Task instructions: Write out exactly the lines from the one containing "Property photo 2 of 15 Lounge" to the end of the material, both ends included, and nothing else. Leave pictures out.

Provided data:
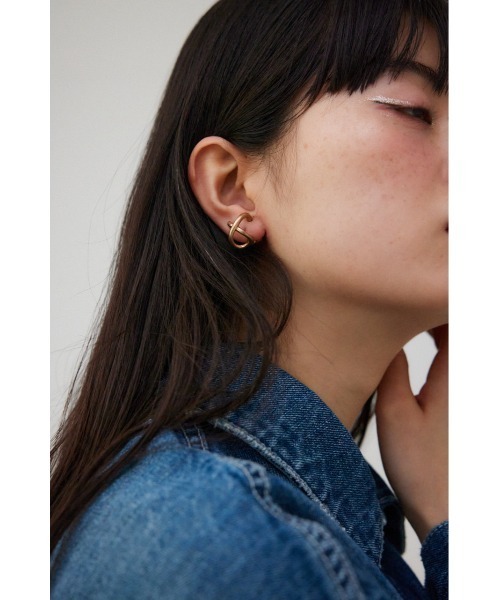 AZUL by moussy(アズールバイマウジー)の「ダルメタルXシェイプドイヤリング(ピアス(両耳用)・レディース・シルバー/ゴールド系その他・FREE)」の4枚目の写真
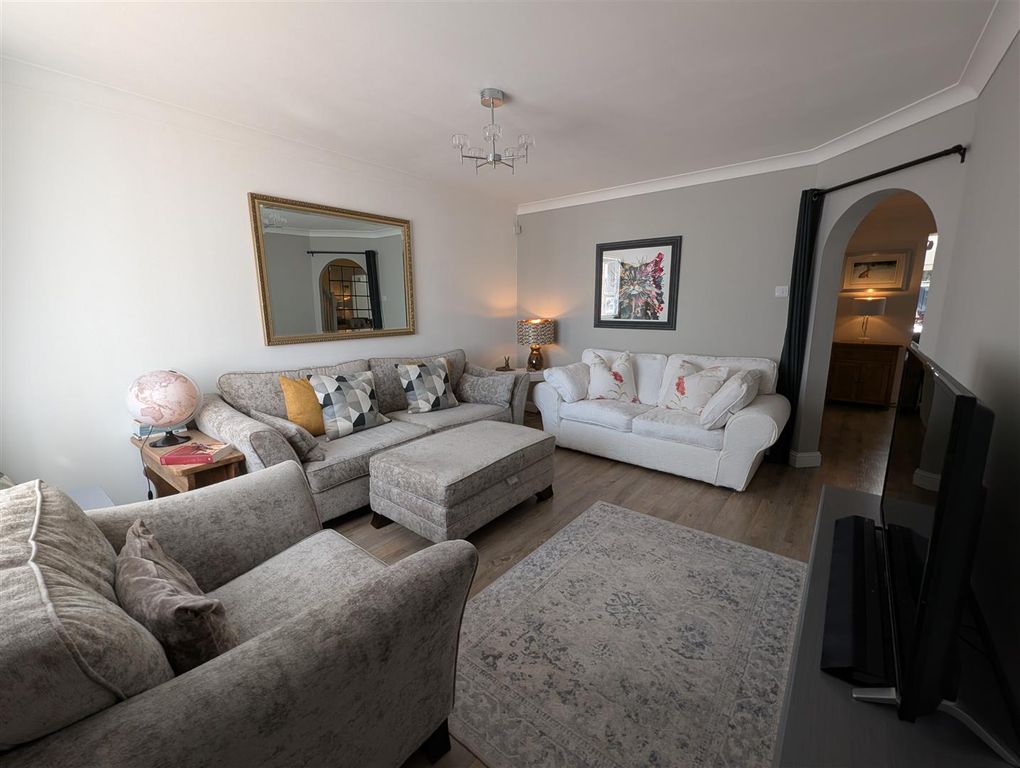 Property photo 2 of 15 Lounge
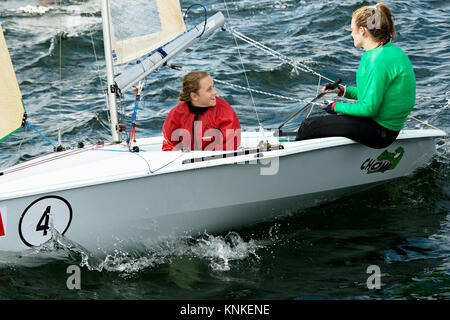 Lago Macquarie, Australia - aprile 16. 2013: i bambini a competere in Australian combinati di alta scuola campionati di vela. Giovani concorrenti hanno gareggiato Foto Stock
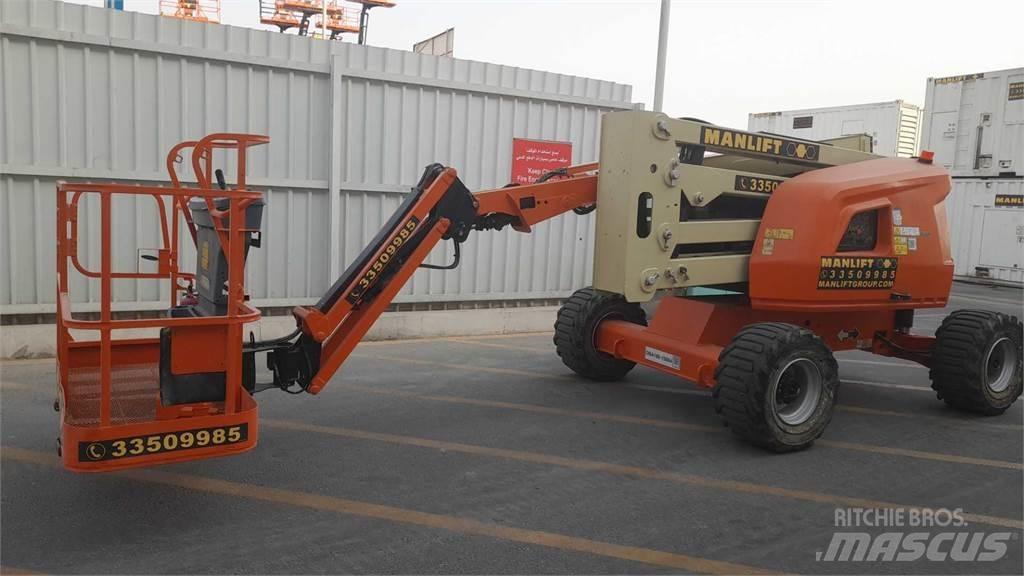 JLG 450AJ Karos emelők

Exercise solution:
 Property photo 2 of 15 Lounge
 Lago Macquarie, Australia - aprile 16. 2013: i bambini a competere in Australian combinati di alta scuola campionati di vela. Giovani concorrenti hanno gareggiato Foto Stock
 JLG 450AJ Karos emelők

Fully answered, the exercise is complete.